La città di Berlino nel cinema di Ruttmann e di Wenders

Claudia Lamberti

 

È possibile esaminare l'immagine della città di Berlino e delle sue architetture tramite l'analisi di alcuni film che la ritraggono. All'interno della sterminata filmografia ambientata nella grande città tedesca, emergono da un lato le opere d'avanguardia e dall'altro la figura di un grande regista contemporaneo, Wenders, profondamente legato alla sua patria e interessato alla rappresentazione di paesaggi, luoghi, città e architetture. In particolare si deve focalizzare l'attenzione su due film ritenuti unanimemente importanti e pertinenti al tema: Berlin, die Symphonie einer Großstadt di W. Ruttmann (1927) e Der Himmel über Berlin di W. Wenders (1987).

[09dec2001]
Il primo è un film “documentario” e si concentra quindi esclusivamente sulla rappresentazione della vita cittadina, il secondo contiene anche una storia, una trama, una morale più elaborata. Wenders ha dichiarato infatti: "Il mio desiderio però non si limitava a un film su Berlino, su un luogo. Proprio in questa città volevo qualcos'altro, volevo parlare degli uomini". La lettura e l'interpretazione della pellicola di Wenders presentate sono perciò da considerarsi parziali, poichè mirate a ricavarne esclusivamente considerazioni storico urbanistiche. (1)



(1) Tutte le citazioni sono tratte da P. F. Colusso, Wim Wenders: paesaggi, luoghi, città, Torino, Testo & immagine, 1998. Monografia fondamentale, è un insieme di interviste di Wenders sul tema cinema e architettura, con grande spazio dedicato a Berlino e a considerazioni di ordine urbanistico espresse dal regista tedesco.
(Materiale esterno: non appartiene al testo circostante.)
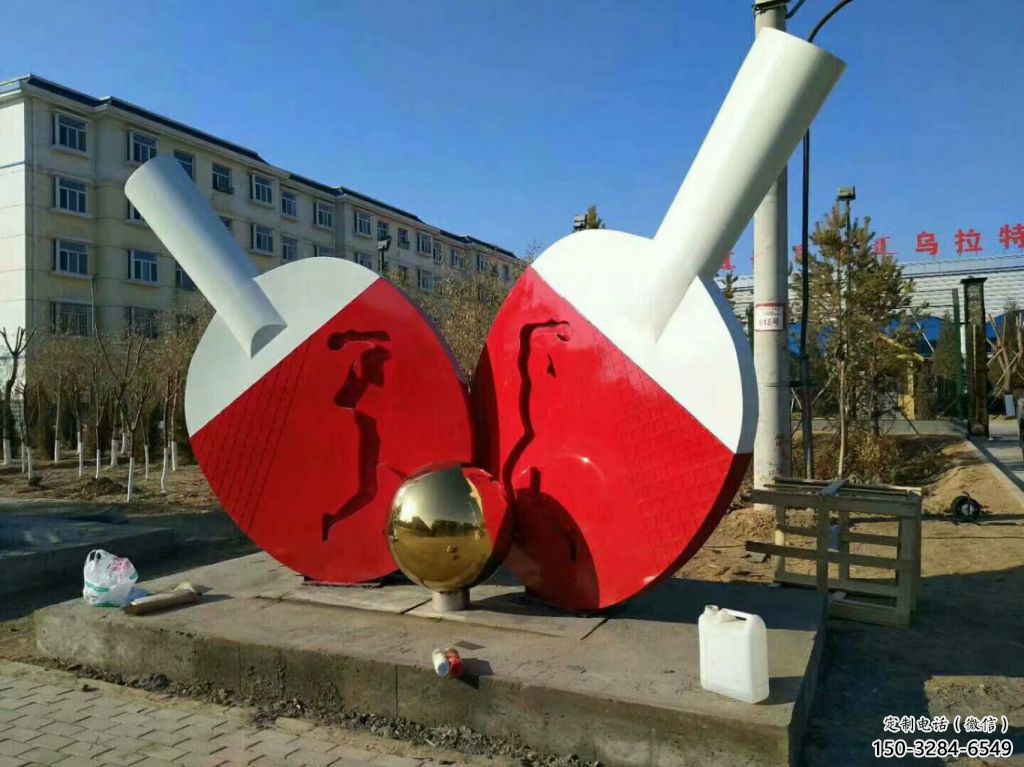 仿古球拍雕塑 騰飛網球拍雕塑 房地產體育雕塑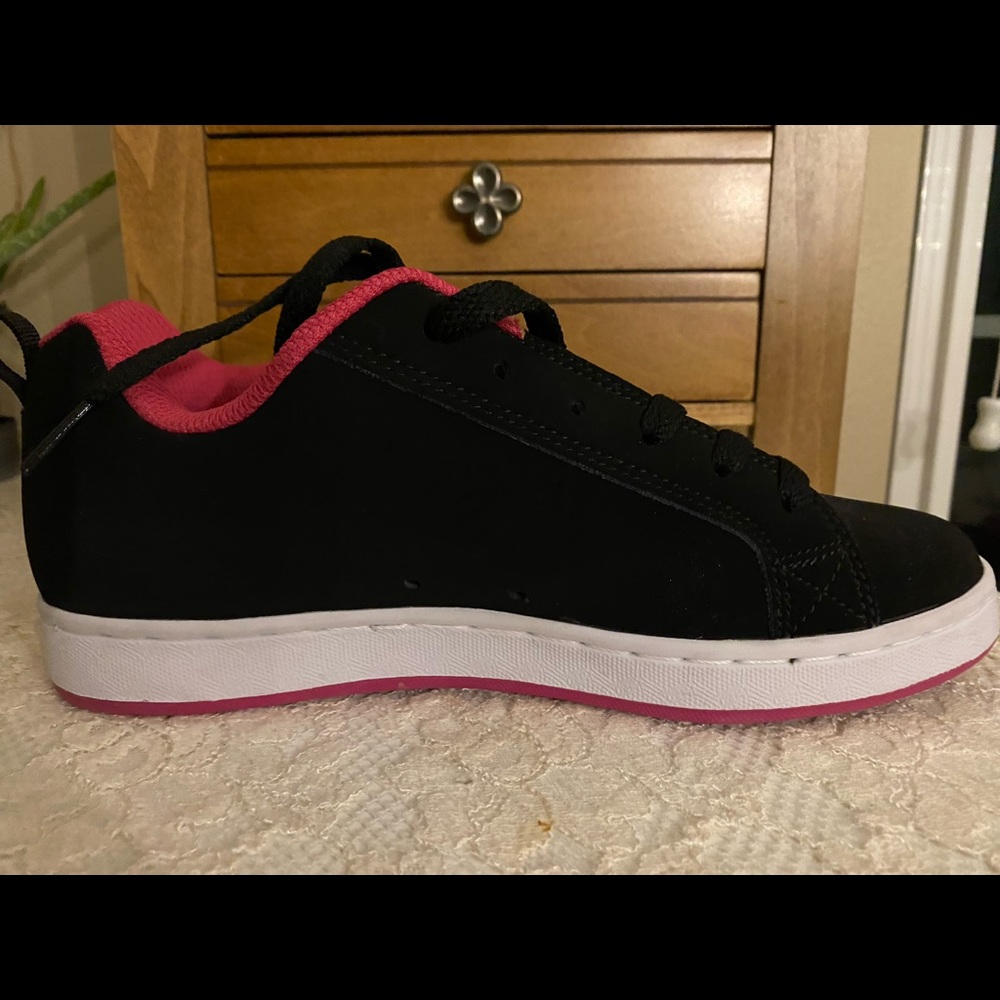 black and pink DC’ size 6 brand new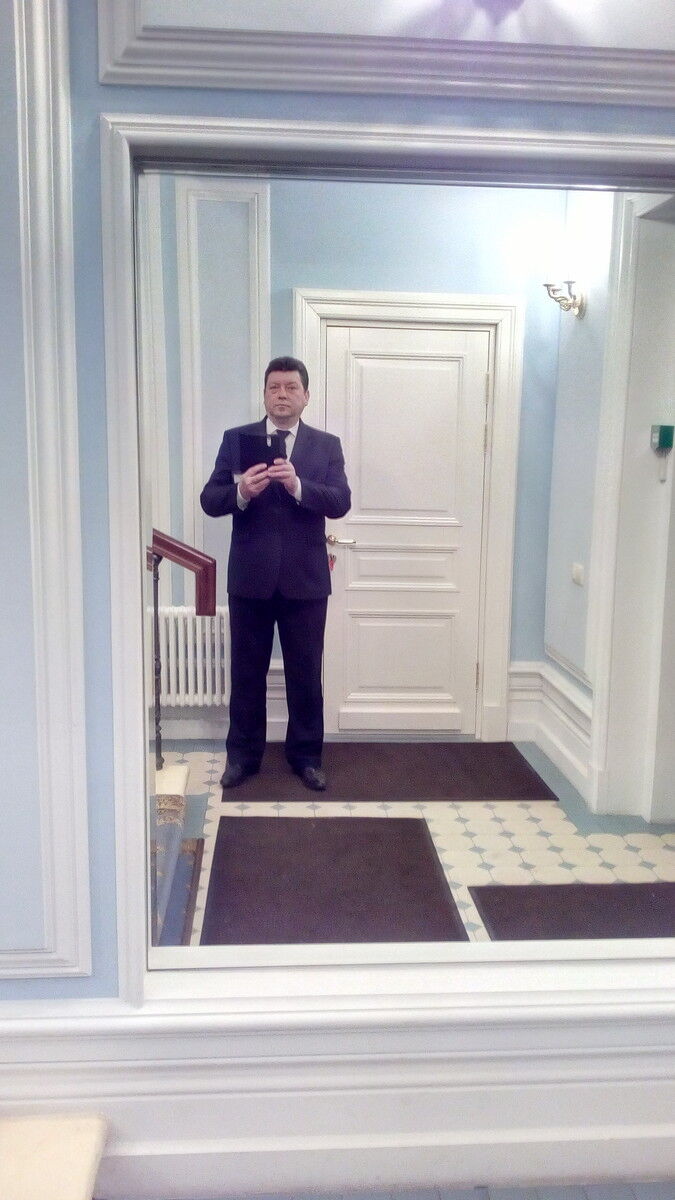  ,   Maikl, 51 ,   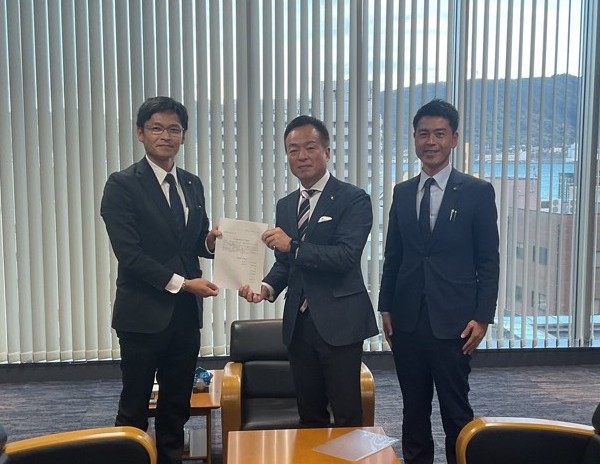 報告書提出の様子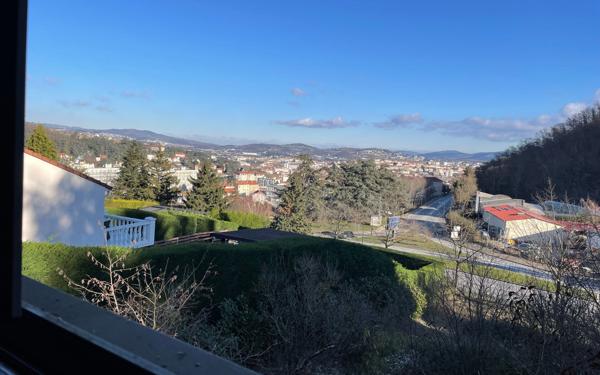 Maison à vendre    3 pièces •  Saint-Étienne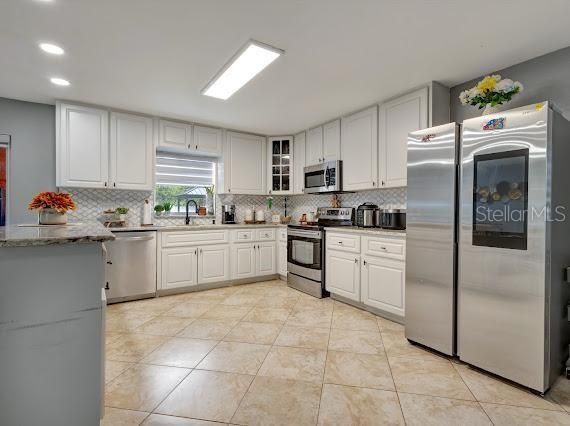 For Sale: $614,900 (4 beds, 3 baths, 2492 Square Feet)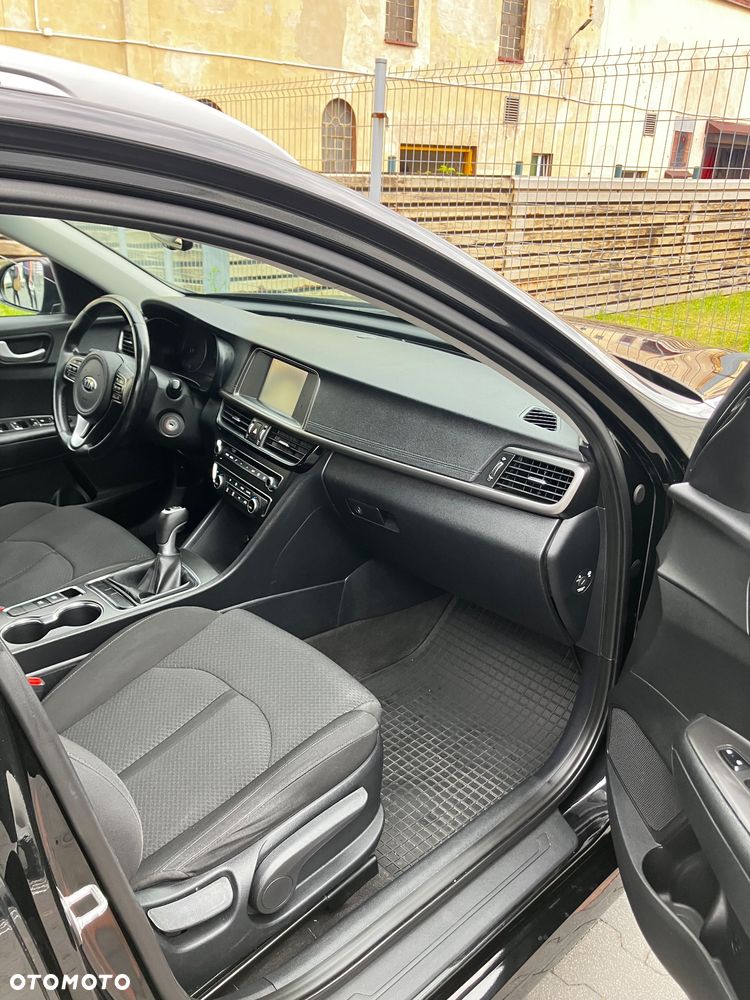 Kia Optima 1.7 CRDI M - 13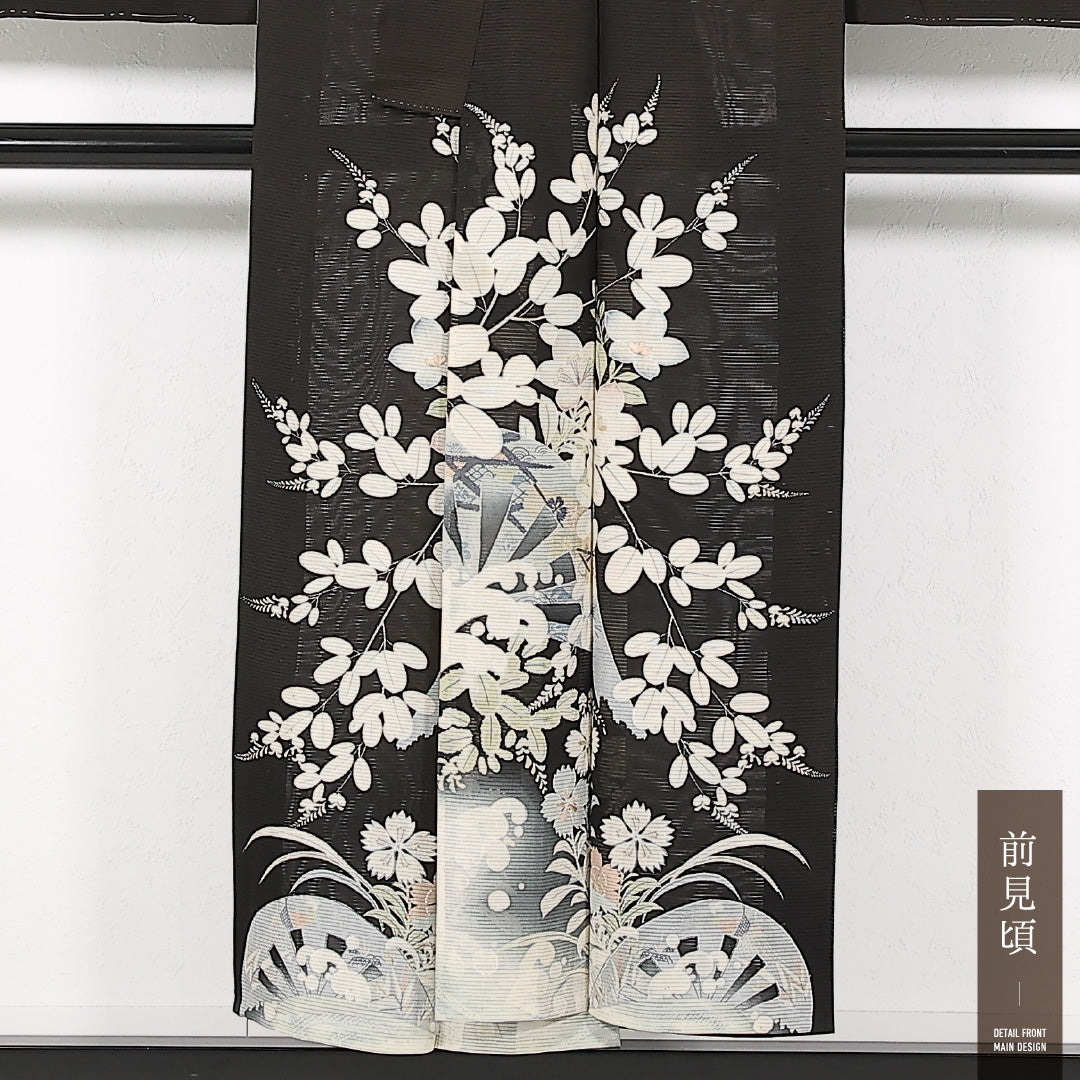 アンティーク 夏物 黒留袖 絽 身丈150cm 裄丈62cm 正絹 Aランク 五つ紋 (五三桐) バチ衿 Sサイズ 刺繍 撫子 黒系 SR 1213-17415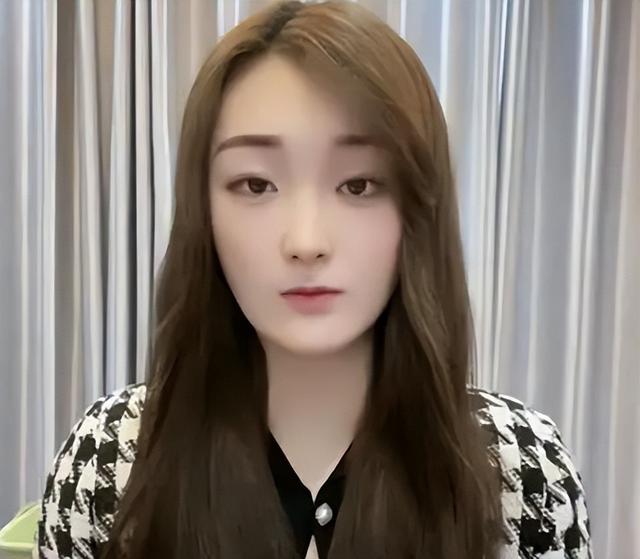 离婚四年后，大衣哥终于等来好消息，前儿媳陈亚男悔的肠子都青了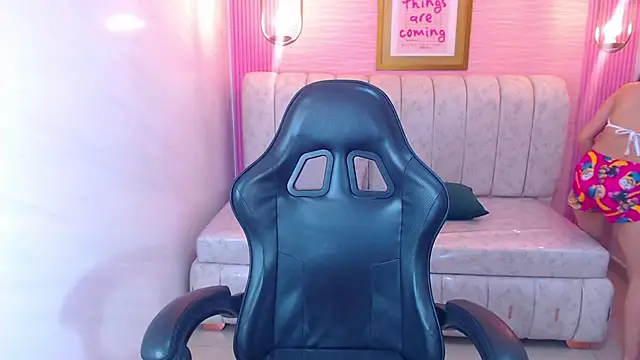 paris sub1  online show from 09/13/25, 12:49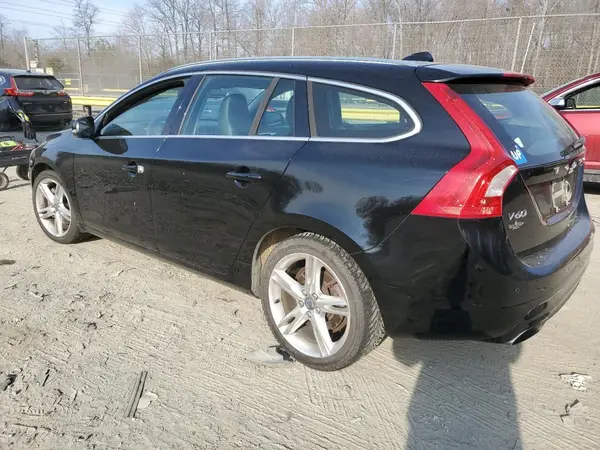 YV1612SK3G1307257 2016 VOLVO V60 - Image 2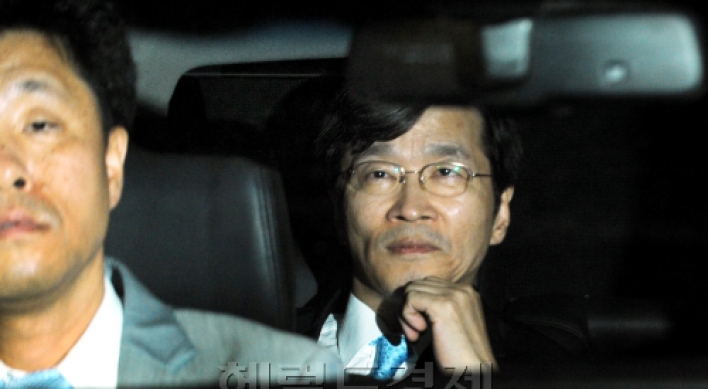 Kwak questioned over  funds for second day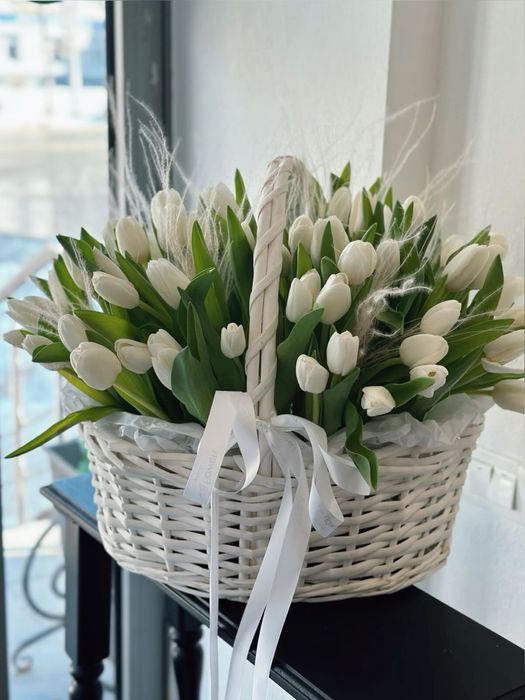 Крупные тюльпаны к 8 Марта в розницу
Manifesto del film Berlin, die Symphonie einer Großstadt.
BERLIN, DIE SYMPHONIE EINER GROßSTADT/BERLINO, SINFONIA DI UNA GRANDE CITTÀ. Dopo la prima guerra mondiale gli artisti tedeschi si volsero al cinema come nuovo mezzo di espressione, trasportando l'impeto dell'arte contemporanea nel nuovo mezzo di comunicazione di massa. I registi vedevano nel film il mezzo attraverso il quale liberare l'arte dalla tela, aprendosi al suo impulso cinetico. In Germania negli anni Dieci si giravano soprattutto "Autorenfilm", pellicole alle quali gli scrittori cercavano di conferire una qualità letteraria. Walther Ruttmann afferma invece che la cinematografia fa parte del campo delle arti figurative e insegue il sogno Espressionista del cosiddetto "cinema assoluto", in sé compiuto, e dell'opera d'arte totale, summa di tutti i linguaggi espressivi. La regia di Ruttmann segue l'evoluzione della produzione tedesca degli anni Venti e Trenta nel suo cammino dal film astratto al film concreto come dimostrato dalla prima sequenza di Berlino, sinfonia di una grande città, in cui il regista abbandona le pure forme ornamentali in movimento per riprendere, in una successione drammatica, scene quotidiane e fornire la sinfonia della metropoli, senza alcuna trama. Per Ruttmann il cinema è organizzazione ritmica del tempo, antiteatralità, libertà di espressione di cose e persone, considerando ogni evento eloquente per se stesso e quindi rifiutando le didascalie.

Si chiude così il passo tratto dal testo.